***** Data provided *****

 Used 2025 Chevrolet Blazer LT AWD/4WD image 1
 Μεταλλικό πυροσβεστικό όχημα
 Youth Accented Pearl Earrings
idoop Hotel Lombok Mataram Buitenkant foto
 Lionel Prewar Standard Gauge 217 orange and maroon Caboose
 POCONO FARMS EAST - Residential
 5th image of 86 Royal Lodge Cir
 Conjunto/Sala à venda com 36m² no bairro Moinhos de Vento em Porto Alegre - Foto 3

*****
***** Data provided *****

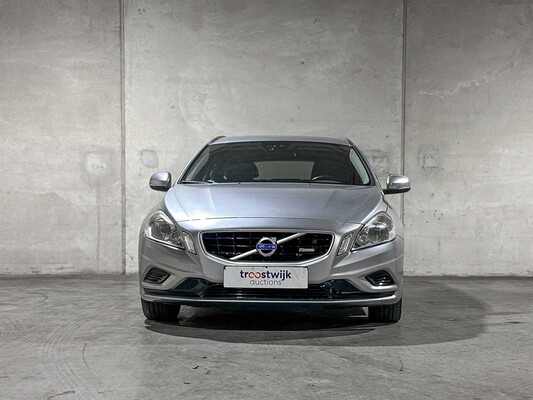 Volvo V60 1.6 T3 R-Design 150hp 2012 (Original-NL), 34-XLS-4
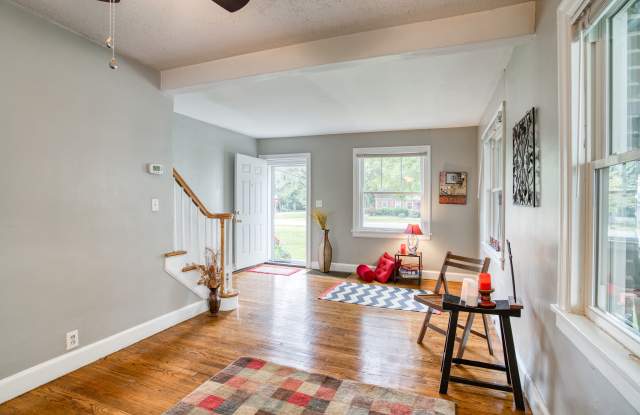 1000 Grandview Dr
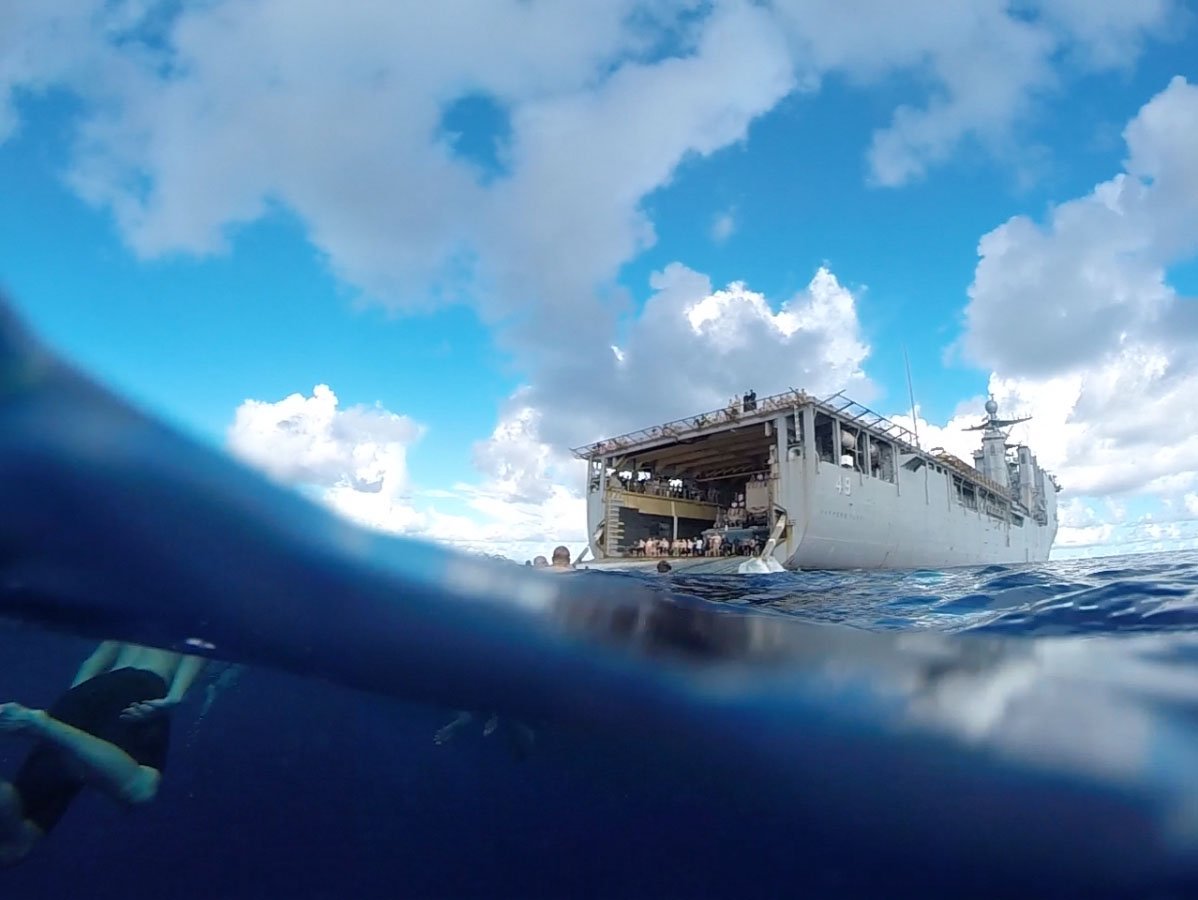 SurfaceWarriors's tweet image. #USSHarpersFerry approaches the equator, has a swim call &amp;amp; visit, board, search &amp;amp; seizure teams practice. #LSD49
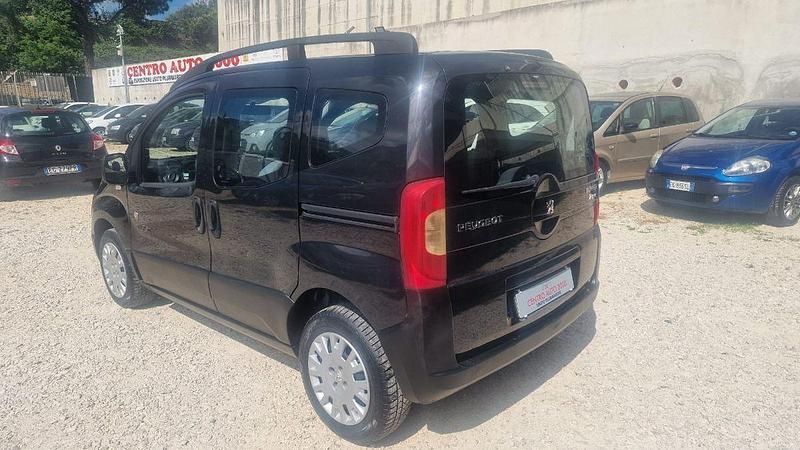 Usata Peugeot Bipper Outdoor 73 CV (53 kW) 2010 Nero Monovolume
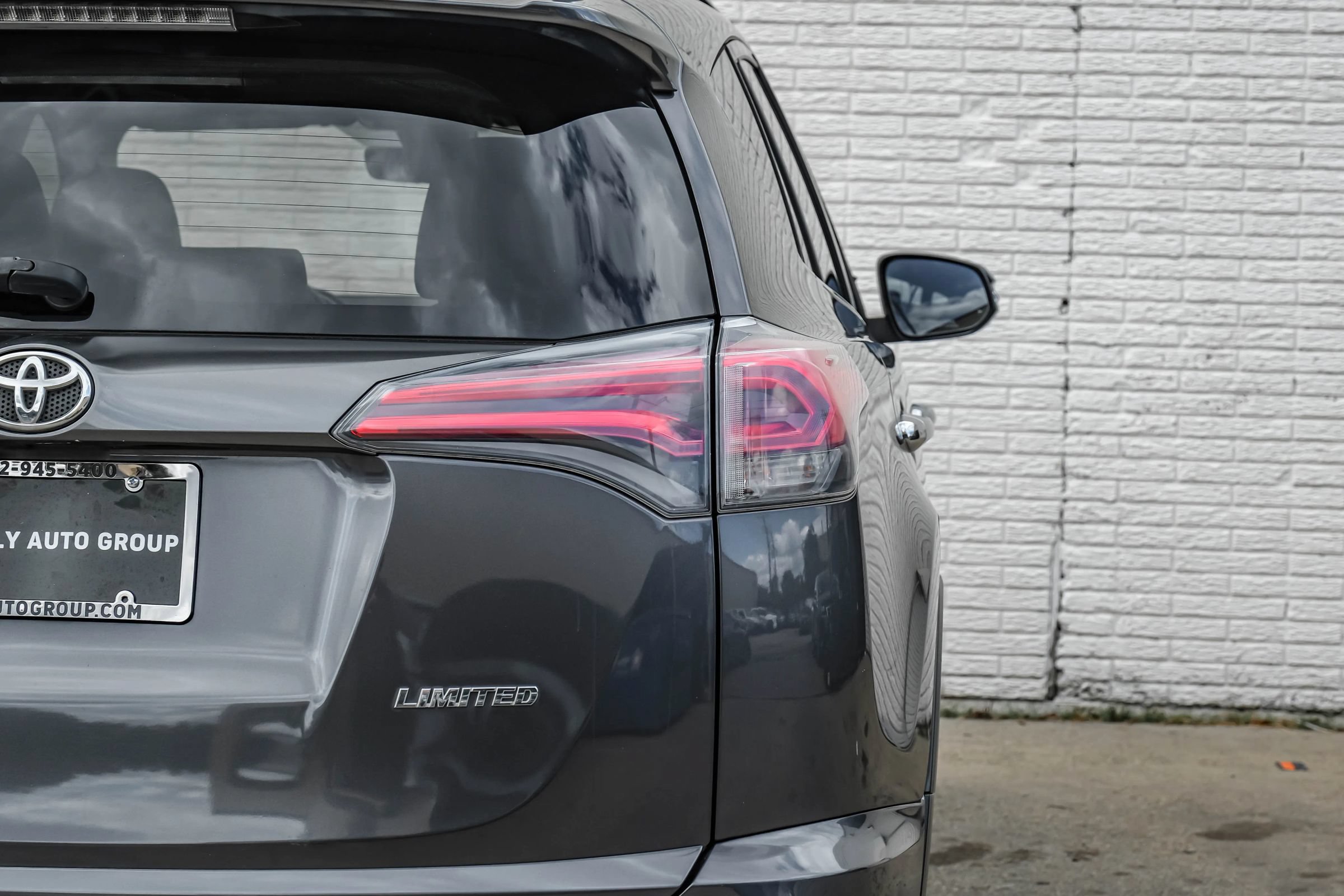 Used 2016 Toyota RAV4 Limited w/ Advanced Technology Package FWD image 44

*****

» **What is expected**:
Print exactly the lines above from the one with "5th image of 86 Royal Lodge Cir" to the one with "Conjunto/Sala à venda", including both.

» **Final answer**:
 5th image of 86 Royal Lodge Cir
 Conjunto/Sala à venda com 36m² no bairro Moinhos de Vento em Porto Alegre - Foto 3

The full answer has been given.